The draw-out lines 260 are metallized interconnects for transmitting position detection signals output from the first electrode patterns 310 and the second electrode patterns 330, to an external board or circuit. The draw-out lines 260 are formed by patterning a sputtered metal foil typically by a photolithographic technique, or formed pattern-wise using an electroconductive paste or ink by a printing technique such as screen printing, gravure printing or flexographic printing.

The insulating patterns 340 electrically isolate the electroconductive patterns 100 from the underlying first electrode patterns 310. The insulating patterns 340 prevent the second electrode patterns 330 and the first electrode patterns 310 from electrically conducting through the electroconductive patterns 100. The insulating patterns 340 have a band form wider in width than the interconnects 312, and extend in the direction (X-direction) in which the first electrode 300 is arrayed. The directions in which the insulating patterns 340 and the electroconductive patterns 100 respectively extend cross each other. As illustrated in FIG. 5, the insulating patterns 340 in this embodiment are formed so as to climb up onto the neighboring edges of the adjacent second electrode patterns 330. The insulating patterns 340 may be formed using any arbitrary insulating materials so long as they are highly transparent.

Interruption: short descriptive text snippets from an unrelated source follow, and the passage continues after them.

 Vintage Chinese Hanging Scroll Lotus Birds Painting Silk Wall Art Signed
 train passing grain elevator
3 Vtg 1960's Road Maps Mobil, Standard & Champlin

For example, resin materials of heat curable type, heat drying type and UV curable type are preferably used.

Also the electroconductive patterns 100 are preferably transparent, in order to satisfy requirements on transparency of the touch panel sensor sheet 250. For the electroconductive patterns 100, usable is a PEDOT paste which is configured by PEDOT (polyethylene dioxythiophene), a kind of transparent electroconductive polymer-based materials, modified to be adaptive to screen printing.

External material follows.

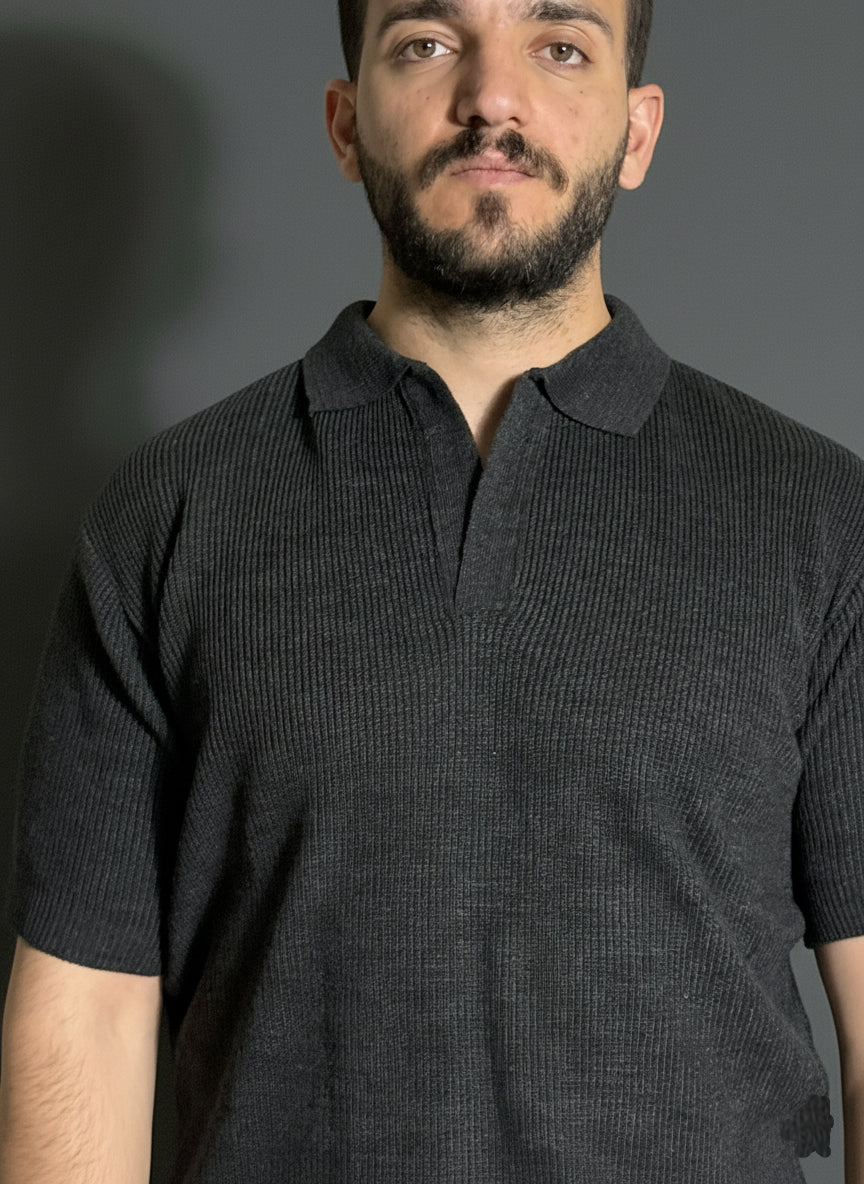 Charcoal Johnny Collar Polo Shirt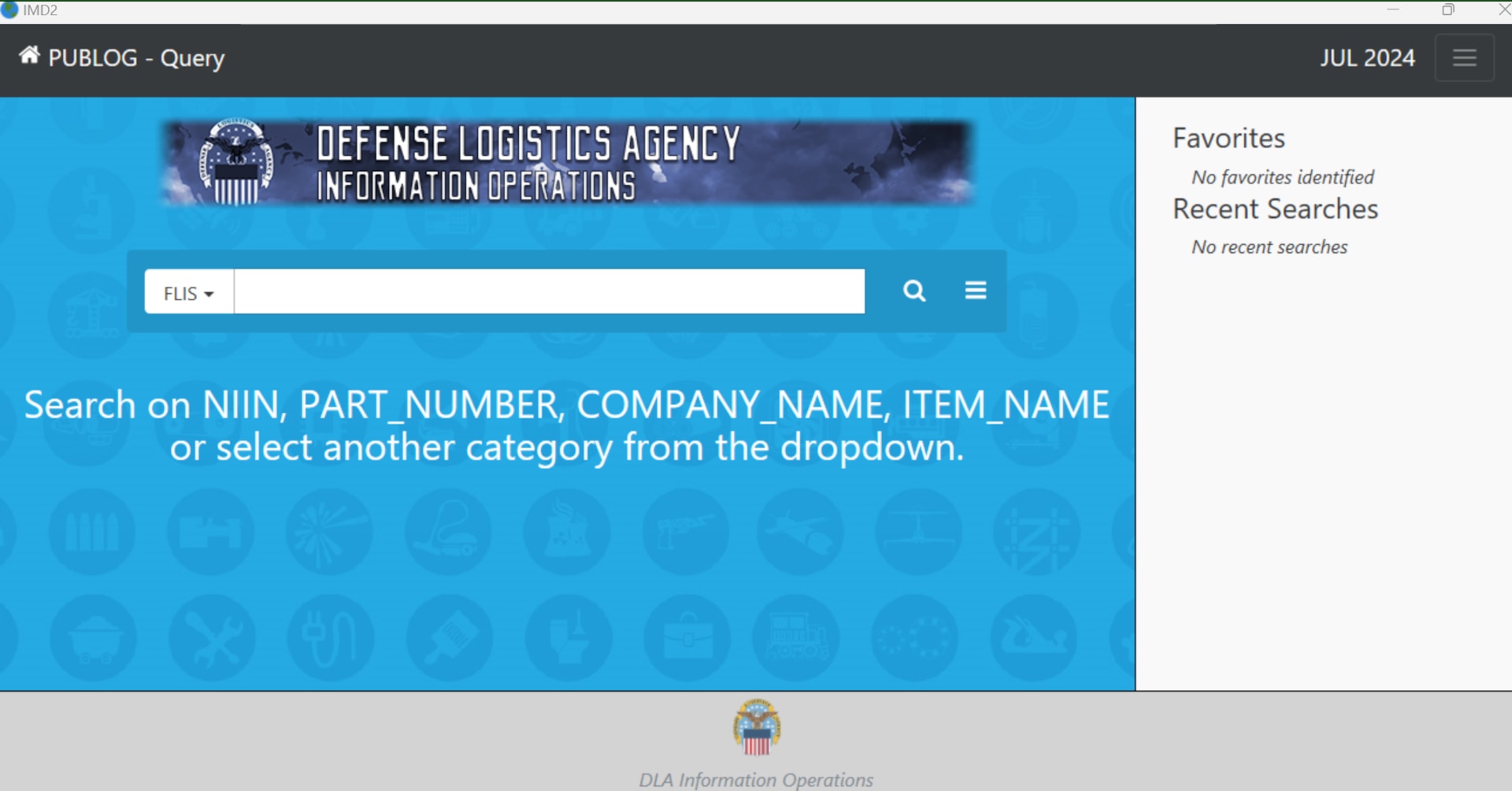 Home screen of Pub Log version IMD2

According to the present method, narrow-width and high-quality electroconductive patterns 100 may be formed, even if the wettability of the electroconductive patterns 100 differs from part to part on the underlying layer, for example on the second electrode patterns 330, the insulating patterns 340 and the transparent sheet 202.

As illustrated in FIG. 5, the base 200 has the second electrode patterns 330 which configure electroconductive first underlying area 210, and the insulating patterns 340 which configure an insulating second underlying area 220. The electroconductive patterns 100 are formed contiguously so as to extend over the first underlying areas 210 and the second underlying area 220.

The electroconductive patterns 100 which compose the jumper patterns may have a form of single line, a form of a plurality of parallel lines, and any other form.

FIG. 6A to FIG. 6B are schematic drawings of the line patterns 20 of the screen printing plate 10, and the electroconductive patterns 100 formed through the screen printing plate 10. The drawings emphasize difference in the line width between the dense areas R1 and the sparse areas R2. As illustrated in FIG. 6A, the line pattern 20 may be configured by an assembly of a plurality of through-holes 30 arrayed in line. By screen printing using the screen printing plate 10 having such line pattern 20 (see FIGS. 1A and 1B), the electroconductive patterns 100 each haying the form of a single line illustrated in FIG. 6B may be formed. Each electroconductive pattern 100 is configured by large-diameter ink dot areas 153 (dense areas R1) corresponded to the ink dots 152 and small-diameter crept ink area 157 (sparse areas R2) corresponded to the crept ink, alternately and repetitively disposed therein.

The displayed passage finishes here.